= Iris Stevenson =

American educator and music director

Iris Stevenson-McCullough is an American academic, public school teacher, and choir director. The 1993 American musical comedy film Sister Act 2: Back in the Habit is loosely based on her time as a choir director at Crenshaw High School.

== Biography ==
Stevenson grew up in a public housing neighborhood in Buffalo, New York. Her father was a blue-collar worker and part-time musician. Her mother was a domestic worker. Stevenson began composing at the age of three, and performing at the age of seven. She attended the Villa Maria Institute, an 18-student program for young artists that was part of the Villa Maria College. When she was fifteen years old she was awarded a four-year scholarship to attend the Oberlin Conservatory of Music in Ohio. After graduating, she taught at Canisius College and obtained her masters in fine arts degree in music pedagogy from the State University of New York at Buffalo.

In 1985, she moved to Los Angeles to work as a music teacher in the Los Angeles Unified School District. She teaches piano, choir, music theory, and practical application of music, at Crenshaw High School, a predominantly African-American public high school in Los Angeles. She has taken the school's choir to perform on multiple national television specials. In 1992 and 1993, brought the choir to perform in the Worldwide Music Festival in Nice, France. She also led the choir to win four years in a row at the Jamaica Jazz and Blues Festival. She now works as the Chair of the Musical Department at Crenshaw.

Stevenson is also the director of music ministries at Angeles Mesa Presbyterian Church.

In May 1991 Stevenson was one of hundreds of Los Angeles public school teachers who were at risk of losing their jobs during a mass lay-off. She fired back publicly against the school board, which caught the attention of film producer Dawn Steel, who turned her story into the musical comedy film Sister Act 2: Back in the Habit.

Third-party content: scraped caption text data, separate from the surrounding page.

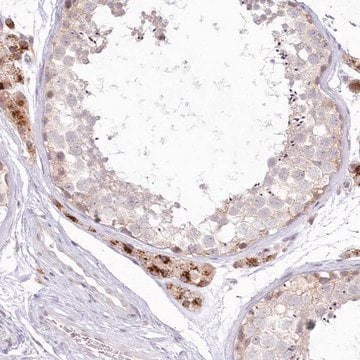 Anti-MTMR3 antibody produced in rabbit Prestige Antibodies&#174; Powered by Atlas Antibodies, affinity isolated antibody, buffered aqueous glycerol solution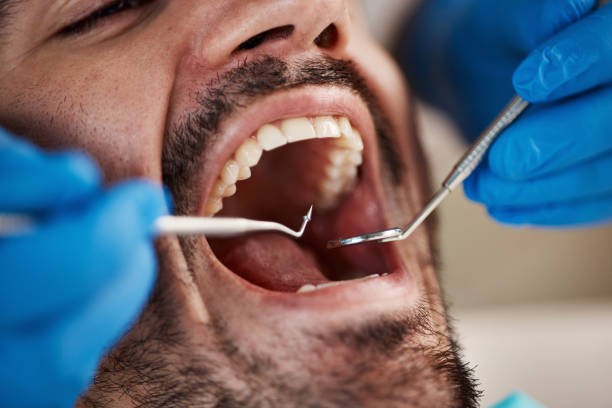 Best Emergency Treatment for Oral Infections in Seatac, WA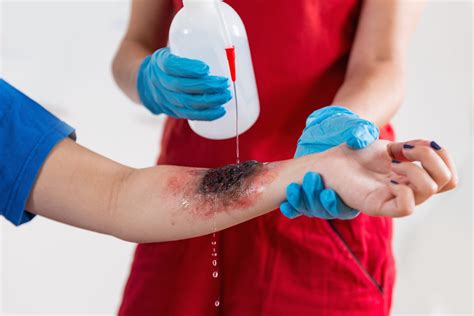 Chemical Burns: The Best Steps for Handling Them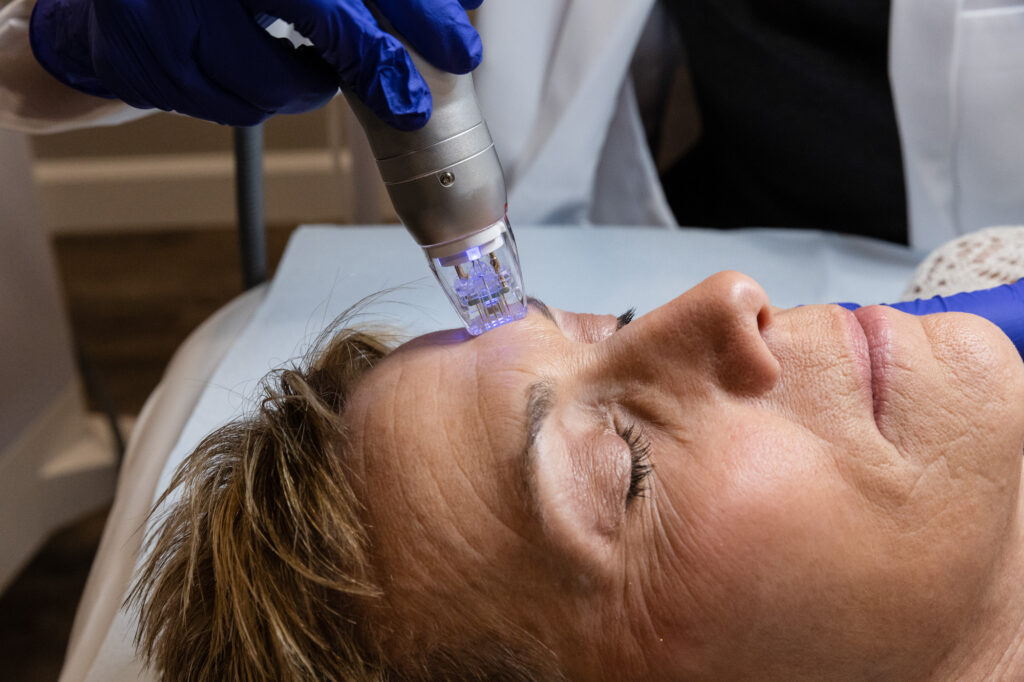 RF Microneedling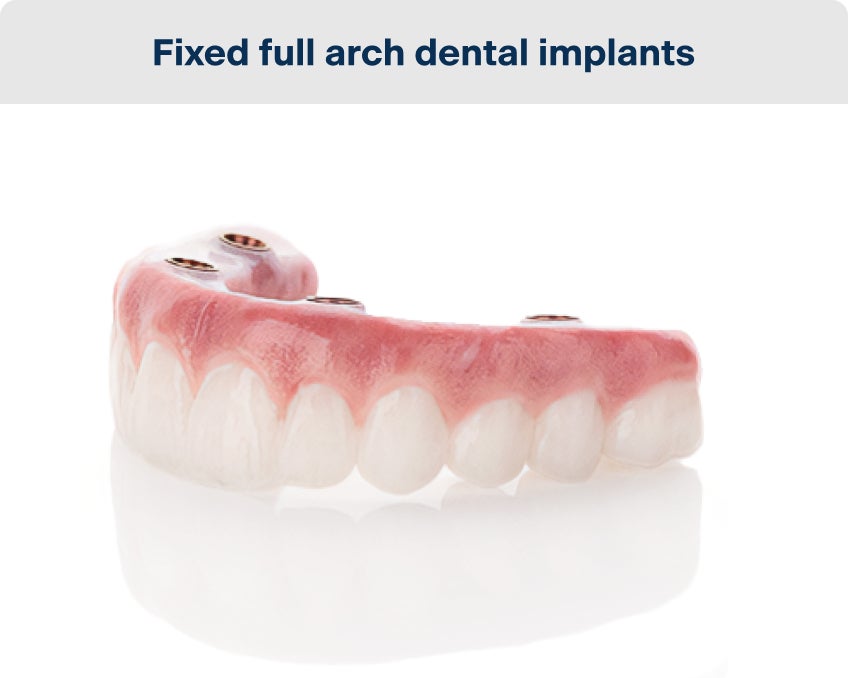 Angled view of a fixed full arch dental implant prosthesis, showing natural-looking teeth and implant connection points.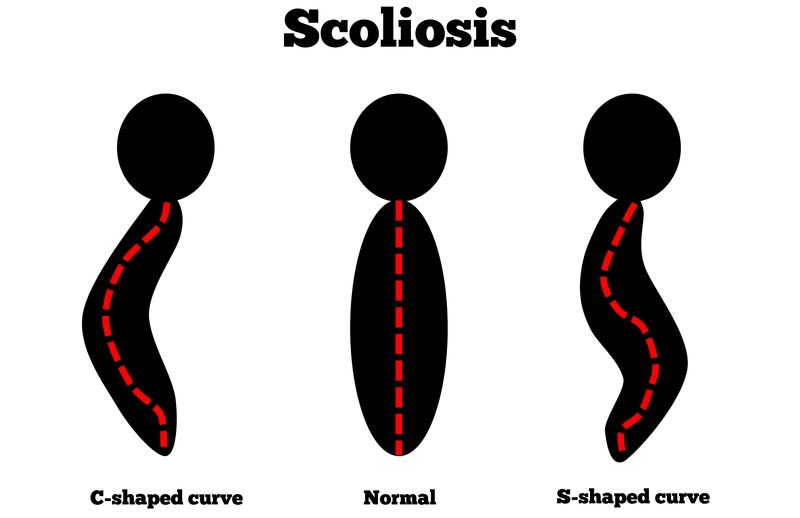 Charlotte, NC scoliosis treatment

In 2014, after taking the Crenshaw Choir to perform at the White House for President Barack H. Obama and First Lady Michelle Obama, Stevenson was prevented from teaching for 120 days by the school board. Her suspension led to protests outside of the high school. She also participated in American Hustle Life where she taught Suga, V and Jungkook of the South Korean boy band BTS the important bases of hip hop.